In this section, you will need:
* Python 3 programming language comprehension
* this lesson uses input, loops, file reading, arrays
* Visual Studio Code with its Python extension
* (*or the Python IDE of your choice*)
* [TextBlob](https://github.com/sloria/TextBlob) a simplified text processing library for Python
* Follow the instructions on the TextBlob site to install it on your system (install the corpora as well, as shown below)
```bash
pip install -U textblob
python -m textblob.download_corpora
```
> 💡 Tip: You can run Python directly in VS Code environments. Check the [docs](https://code.visualstudio.com/docs/languages/python?WT.mc_id=academic-15963-cxa) for more information.
The history of trying to make computers understand human language goes back decades, and one of the earliest scientists to consider natural language processing was *Alan Turing*. When Turing was researching *Artificial Intelligence* in the 1950's, he considered if a conversational test could be given to a human and computer (via typed correspondence) where the human in the conversation was not sure if they were conversing with another human or a computer. If, after a certain length of conversation, the human could not determine that the answers were from a computer or not, then could the computer be said to be *thinking*?
[![Chatting with Eliza](https://img.youtube.com/vi/QD8mQXaUFG4/0.jpg)](https://youtu.be/QD8mQXaUFG4 "Chatting with Eliza")
The idea for this came from a party game called *The Imitation Game* where an interrogator is alone in a room and tasked with determining which of two people (in another room) are male and female respectively. The interrogator can send notes, and must try to think of questions where the written answers reveal the gender of the mystery person. Of course, the players in the other room are trying to trick the interrogator by answering questions in such as way as to mislead or confuse the interrogator, whilst also giving the appearance of answering honestly.

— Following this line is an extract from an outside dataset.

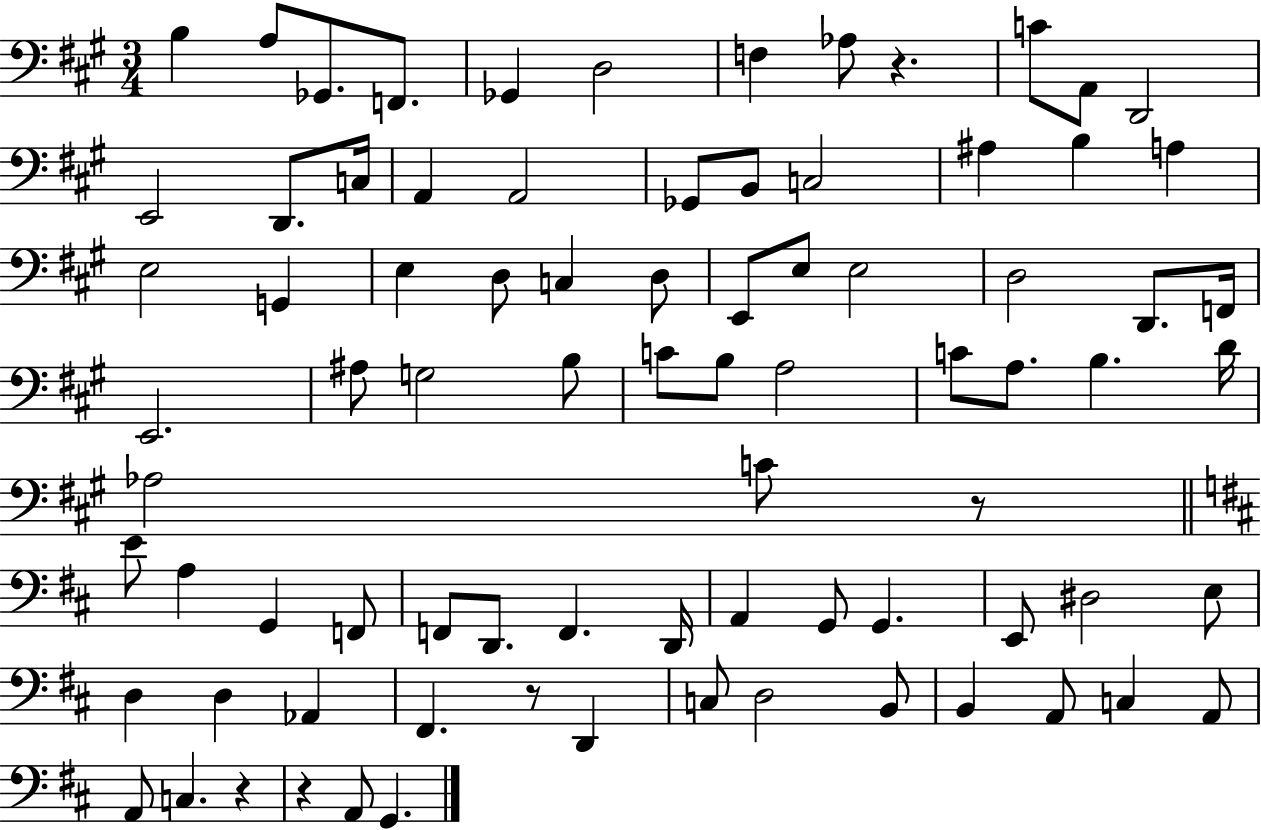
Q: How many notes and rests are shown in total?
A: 82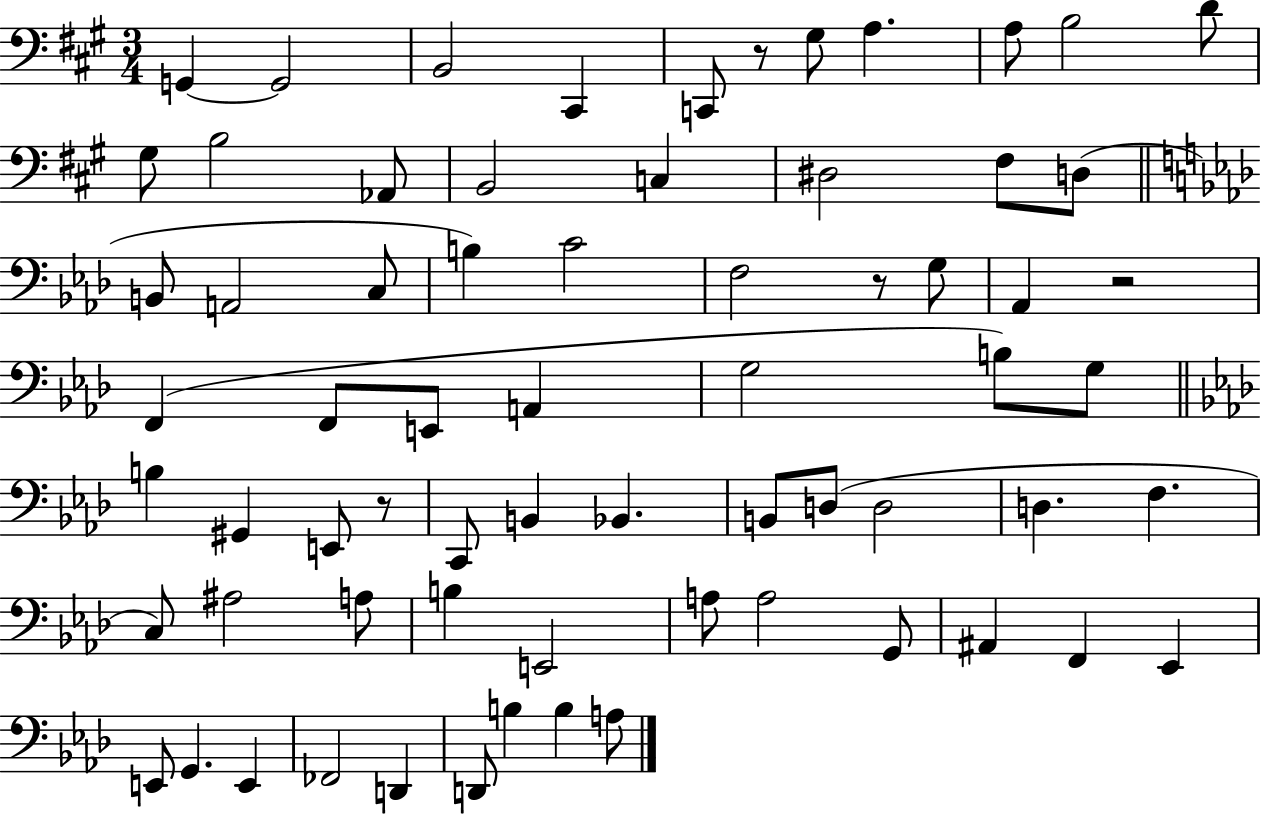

In the 1960's an MIT scientist called *Joseph Weizenbaum* developed [*Eliza*](https:/wikipedia.org/wiki/ELIZA), a computer 'therapist' that would ask the human questions and give the appearance of understanding their answers. However, while Eliza could parse a sentence and identify certain grammatical constructs and keywords so as to give a reasonable answer, it could not be said to *understand* the sentence. If Eliza was presented with a sentence following the format "**I am** <u>sad</u>" it might rearrange and substitute words in the sentence to form the response "How long have **you been**<u>sad</u>". This gave the impression that Eliza understood the statement and was asking a follow-on question, whereas in reality, it was changing the tense and adding some words. If Eliza could not identify a keyword that it had a response for, it would instead give a random response that could be applicable to many different statements. Eliza could be easily tricked, for instance if a user wrote "**You are** a <u>bicycle</u>" it might respond with "How long have **I been** a <u>bicycle</u>?", instead of a more reasoned response.

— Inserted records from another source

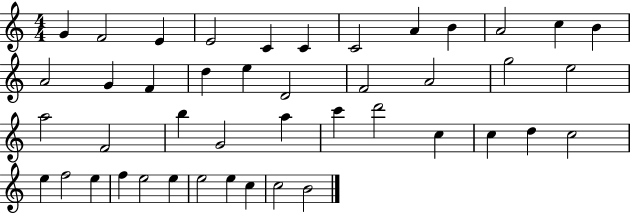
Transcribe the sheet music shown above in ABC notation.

X:1
T:Untitled
M:4/4
L:1/4
K:C
G F2 E E2 C C C2 A B A2 c B A2 G F d e D2 F2 A2 g2 e2 a2 F2 b G2 a c' d'2 c c d c2 e f2 e f e2 e e2 e c c2 B2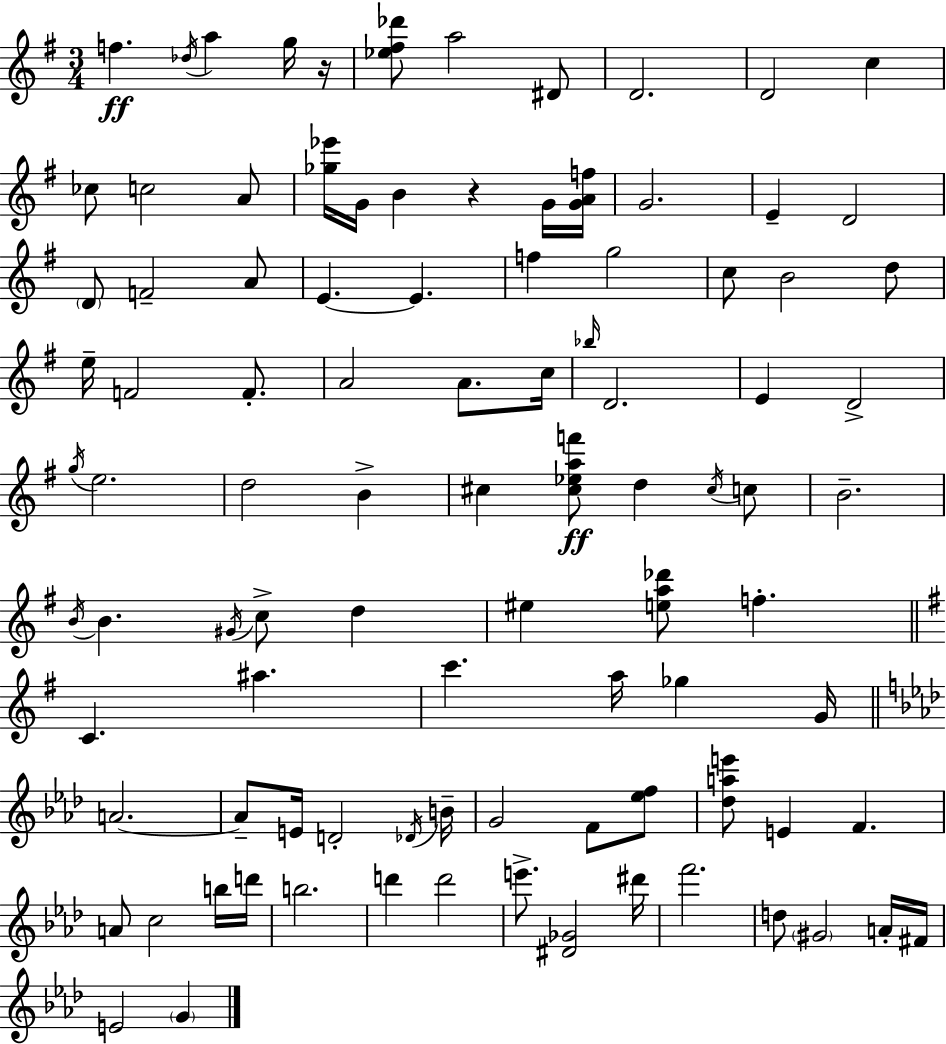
{
  \clef treble
  \numericTimeSignature
  \time 3/4
  \key g \major
  f''4.\ff \acciaccatura { des''16 } a''4 g''16 | r16 <ees'' fis'' des'''>8 a''2 dis'8 | d'2. | d'2 c''4 | \break ces''8 c''2 a'8 | <ges'' ees'''>16 g'16 b'4 r4 g'16 | <g' a' f''>16 g'2. | e'4-- d'2 | \break \parenthesize d'8 f'2-- a'8 | e'4.~~ e'4. | f''4 g''2 | c''8 b'2 d''8 | \break e''16-- f'2 f'8.-. | a'2 a'8. | c''16 \grace { bes''16 } d'2. | e'4 d'2-> | \break \acciaccatura { g''16 } e''2. | d''2 b'4-> | cis''4 <cis'' ees'' a'' f'''>8\ff d''4 | \acciaccatura { cis''16 } c''8 b'2.-- | \break \acciaccatura { b'16 } b'4. \acciaccatura { gis'16 } | c''8-> d''4 eis''4 <e'' a'' des'''>8 | f''4.-. \bar "||" \break \key e \minor c'4. ais''4. | c'''4. a''16 ges''4 g'16 | \bar "||" \break \key aes \major a'2.~~ | a'8-- e'16 d'2-. \acciaccatura { des'16 } | b'16-- g'2 f'8 <ees'' f''>8 | <des'' a'' e'''>8 e'4 f'4. | \break a'8 c''2 b''16 | d'''16 b''2. | d'''4 d'''2 | e'''8.-> <dis' ges'>2 | \break dis'''16 f'''2. | d''8 \parenthesize gis'2 a'16-. | fis'16 e'2 \parenthesize g'4 | \bar "|."
}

> Note: You can read the original description of [Eliza](https://cacm.acm.org/magazines/1966/1/13317-elizaa-computer-program-for-the-study-of-natural-language-communication-between-man-and-machine/abstract) published in 1966 if you have an ACM account. Alternately, read about Eliza on [wikipedia](https://wikipedia.org/wiki/ELIZA)
A conversational bot, like Eliza, is a program that elicits user input and seems to understand and respond intelligently. Unlike Eliza, our bot will not have several rules giving it the appearance of having an intelligent conversation. Instead, out bot will have one ability only, to keep the conversation going with random responses that might work in almost any trivial conversation.